**Task statement:**
The response should contain all of the data below, reproduced exactly, and no pictures.

**Dataset content:**
== Segment start ==

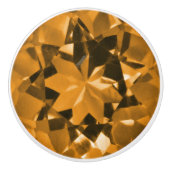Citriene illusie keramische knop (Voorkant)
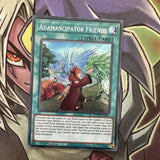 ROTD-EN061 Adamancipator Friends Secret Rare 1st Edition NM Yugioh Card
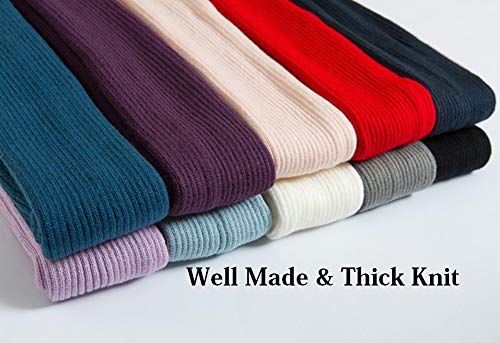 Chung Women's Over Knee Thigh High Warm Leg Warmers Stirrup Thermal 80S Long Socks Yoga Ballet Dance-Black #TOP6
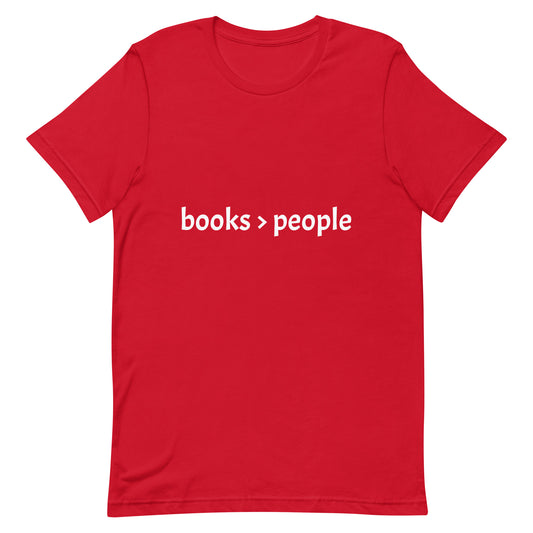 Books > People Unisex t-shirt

== Segment end ==

**Response below:**
Citriene illusie keramische knop (Voorkant)
 ROTD-EN061 Adamancipator Friends Secret Rare 1st Edition NM Yugioh Card
 Chung Women's Over Knee Thigh High Warm Leg Warmers Stirrup Thermal 80S Long Socks Yoga Ballet Dance-Black #TOP6
 Books > People Unisex t-shirt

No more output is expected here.